▶ **WORK INSTRUCTIONS**
Here are the records. Print them all exactly.
##########
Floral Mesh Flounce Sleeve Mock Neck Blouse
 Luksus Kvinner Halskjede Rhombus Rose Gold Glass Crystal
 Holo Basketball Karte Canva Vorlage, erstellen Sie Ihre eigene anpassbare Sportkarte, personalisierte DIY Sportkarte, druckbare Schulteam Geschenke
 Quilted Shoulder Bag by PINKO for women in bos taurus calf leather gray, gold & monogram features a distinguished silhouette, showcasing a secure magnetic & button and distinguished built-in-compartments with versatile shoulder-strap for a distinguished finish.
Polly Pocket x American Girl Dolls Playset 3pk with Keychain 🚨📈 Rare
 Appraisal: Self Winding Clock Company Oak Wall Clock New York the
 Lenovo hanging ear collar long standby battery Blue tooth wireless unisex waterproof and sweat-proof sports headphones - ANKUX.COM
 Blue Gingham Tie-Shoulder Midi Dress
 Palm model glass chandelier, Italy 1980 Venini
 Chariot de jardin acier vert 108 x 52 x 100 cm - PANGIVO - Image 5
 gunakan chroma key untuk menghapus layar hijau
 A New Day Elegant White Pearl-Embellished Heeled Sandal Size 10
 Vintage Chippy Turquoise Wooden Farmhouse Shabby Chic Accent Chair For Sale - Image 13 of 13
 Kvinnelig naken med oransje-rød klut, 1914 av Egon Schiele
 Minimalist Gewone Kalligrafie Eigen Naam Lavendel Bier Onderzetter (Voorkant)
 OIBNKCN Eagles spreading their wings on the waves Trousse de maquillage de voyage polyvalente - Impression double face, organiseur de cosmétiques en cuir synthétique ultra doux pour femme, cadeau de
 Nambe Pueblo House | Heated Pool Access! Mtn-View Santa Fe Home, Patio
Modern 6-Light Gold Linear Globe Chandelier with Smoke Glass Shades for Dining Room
##########
▶ **FINISHED TASK**
Floral Mesh Flounce Sleeve Mock Neck Blouse
 Luksus Kvinner Halskjede Rhombus Rose Gold Glass Crystal
 Holo Basketball Karte Canva Vorlage, erstellen Sie Ihre eigene anpassbare Sportkarte, personalisierte DIY Sportkarte, druckbare Schulteam Geschenke
 Quilted Shoulder Bag by PINKO for women in bos taurus calf leather gray, gold & monogram features a distinguished silhouette, showcasing a secure magnetic & button and distinguished built-in-compartments with versatile shoulder-strap for a distinguished finish.
Polly Pocket x American Girl Dolls Playset 3pk with Keychain 🚨📈 Rare
 Appraisal: Self Winding Clock Company Oak Wall Clock New York the
 Lenovo hanging ear collar long standby battery Blue tooth wireless unisex waterproof and sweat-proof sports headphones - ANKUX.COM
 Blue Gingham Tie-Shoulder Midi Dress
 Palm model glass chandelier, Italy 1980 Venini
 Chariot de jardin acier vert 108 x 52 x 100 cm - PANGIVO - Image 5
 gunakan chroma key untuk menghapus layar hijau
 A New Day Elegant White Pearl-Embellished Heeled Sandal Size 10
 Vintage Chippy Turquoise Wooden Farmhouse Shabby Chic Accent Chair For Sale - Image 13 of 13
 Kvinnelig naken med oransje-rød klut, 1914 av Egon Schiele
 Minimalist Gewone Kalligrafie Eigen Naam Lavendel Bier Onderzetter (Voorkant)
 OIBNKCN Eagles spreading their wings on the waves Trousse de maquillage de voyage polyvalente - Impression double face, organiseur de cosmétiques en cuir synthétique ultra doux pour femme, cadeau de
 Nambe Pueblo House | Heated Pool Access! Mtn-View Santa Fe Home, Patio
Modern 6-Light Gold Linear Globe Chandelier with Smoke Glass Shades for Dining Room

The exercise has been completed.